Whenever I do smash recipes I usually let the "style" dictate the base malt. I am a big fan of British beers (pale ales, ipas, bitters, etc...) so I often use Maris Otter when I do that type. Remember the hop varieties where cultivated to go well with certain malts. With a small amount of research you can usually come up with good pairing ideas. However, the point of a smash beer (at least for me) is to experiment. So don't be afraid. My advice is just keep fairly good notes about likes and dislikes. Its usually pretty easy to figure out if a flavor was a result of hops or malt. So once you've figured out what you like, you can build some great recipes based on manufacturers description (don't feel like you have to taste everything).
Great responses! A bigger boil kettle is my next investment, because I need one even for the extract batches I'll be doing for the rest of this year. Right now my kettle is just a little too small, and I have to top off with water. Not that I'm complaining though, I'm pretty happy with my results so far. However, I must progress to the next level! I do keep good notes on my blog. Everything will be published as it happens!

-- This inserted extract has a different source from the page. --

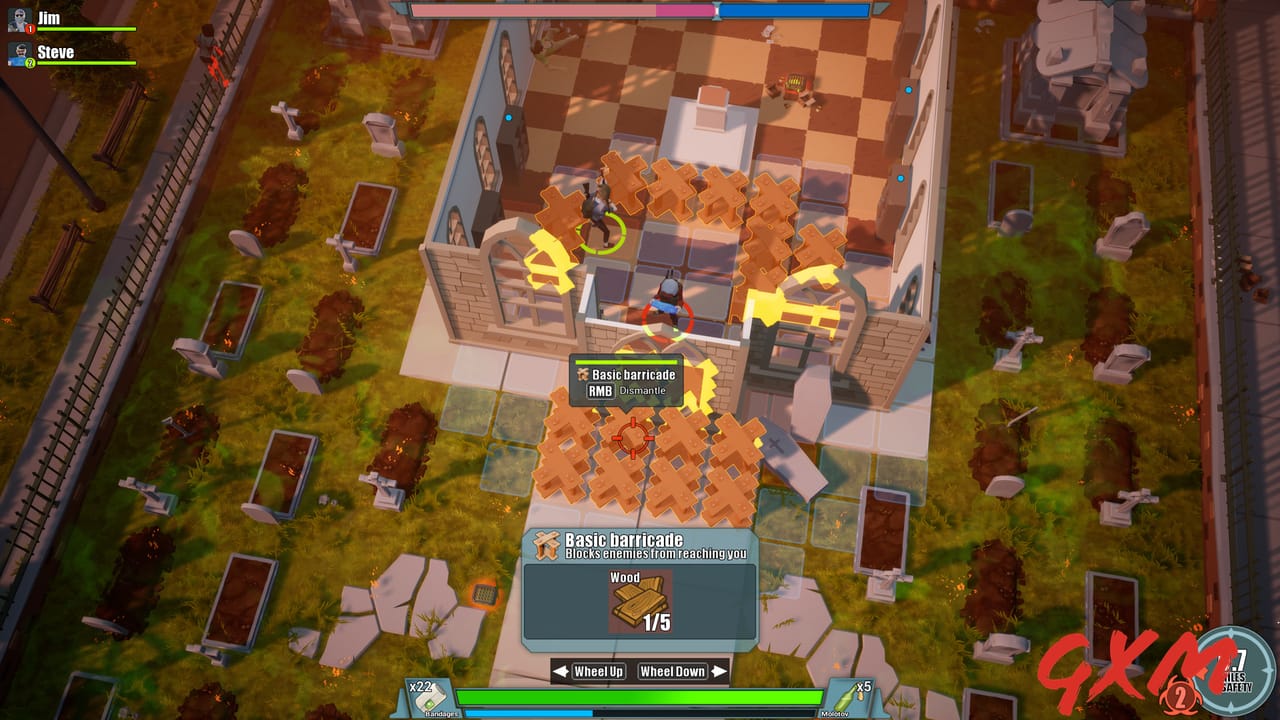 Screenshot 8 of 10 Miles To Safety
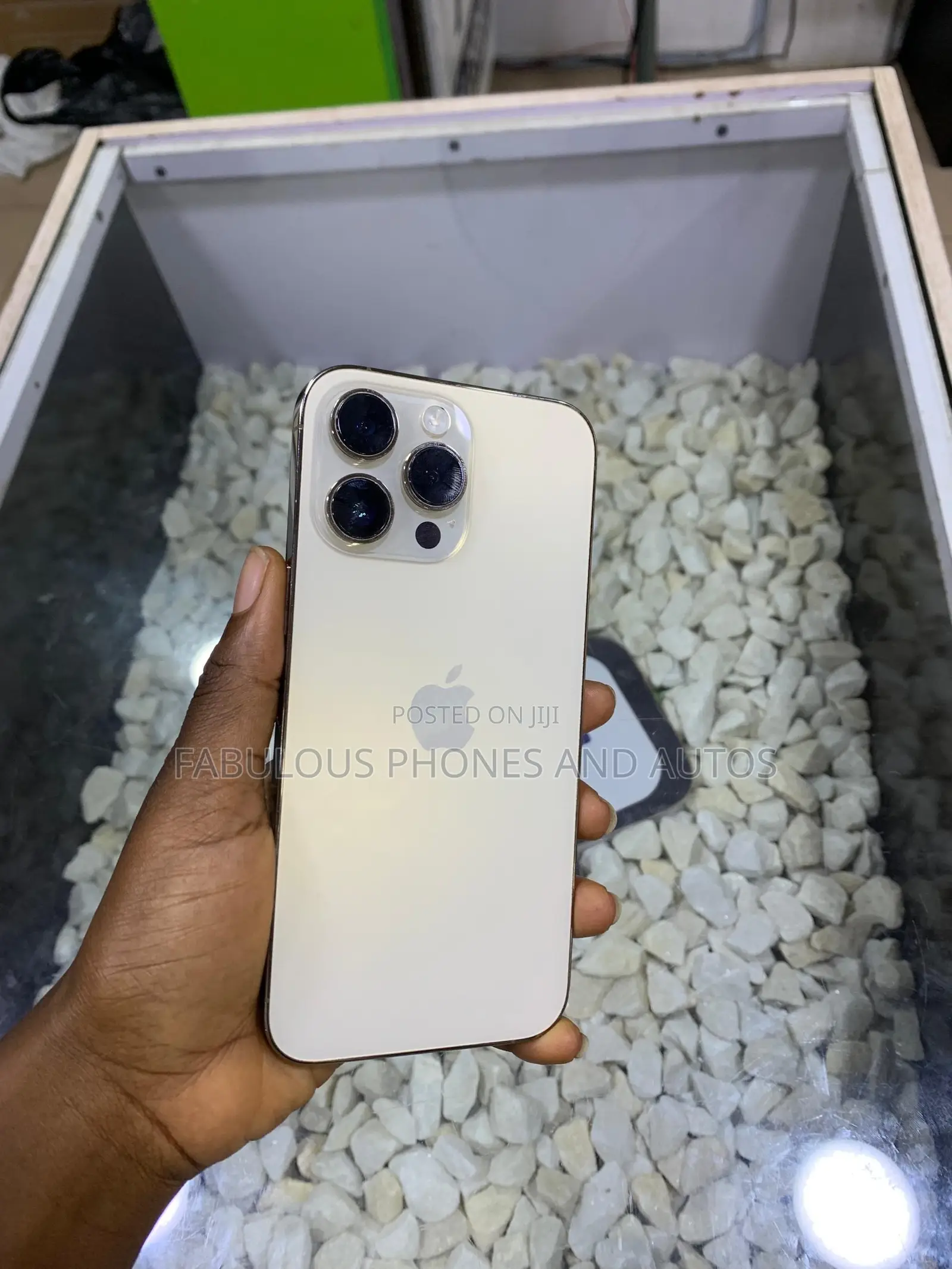 Apple iPhone 14 Pro Max 128 GB Gold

I typically do mine for experimentations sake, but have made some nice, balanced beers in the process. You don't need to limit yourself to a particular malt (Unless buying in bulk) or hop (Ditto); just starting trying them if you want to understand how they work in a beer. If you have extra or small carboys you can also start trying out a bunch of different yeast strains in the process to further expand. One thing of note thats worth exploring is looking at maltster to maltster variance in the flavor profile of the grain; just because its Marris Otter doesn't mean it will perform the same if bought from Crisp versus Muntons versus Simpsons, etc. (Bias note here, I like Marris Otter). Regarding equipment, I'm a big fan of direct fire mash tuns (I found them easier for step mashes, especially if you're prone to miscalculating/over/undershooting your infusion temps) ... If you want to slowly build up equipment, you could pick up a 15 gallon kettle w/ ball valve and thermometer (Or a keggle) to use as a boil and Brew in a Bag Kettle, and then buy a second kettle down the road for a dedicated mash tun.
I'm about ready to, but not in a hurry at all to purchase pieces of equipment. The idea is to be ready by next year. Thus, I'm kind of searching around in a slacker-esque manner for the moment, hoping the obvious choice presents itself.
True, but I don't do enough step mashes to make a direct-fire mash tun seem necessary...I'll take the "Fischer Price" diatribes from my brew buddies and be very happy with my cooler mash tun.
Do you recirculate yours? Is it a must too? FWIW I have a RIMS. Still trying to figure why at times I have poor flow, but that's another issue. But when I have poor flow temp regulation becomes very poor.
The other thread where you saw that was mine! I ended up buying 10lbs of Maris Otter and 10lbs of American 2-row. I'm gonna do them with Cascade and Citra, respectively, since I'm a huge fan of fruitier/citrus pale ales. I recommend a 10gallon cooler mash tun if you ever plan on moving to higher gravity stuff. I'm fine with my 5gallon for now and I don't really see myself moving on but that's something to consider.
Yeah make sure to either post your techniques/recipes/results or PM me and we'll compare notes. Everything I do will be documented in my blog, of course.
These are the recommendations I got for both: 10lbs mashed at 155, add 1oz. hops at 60, 10, 0 with optional 2oz dry hop.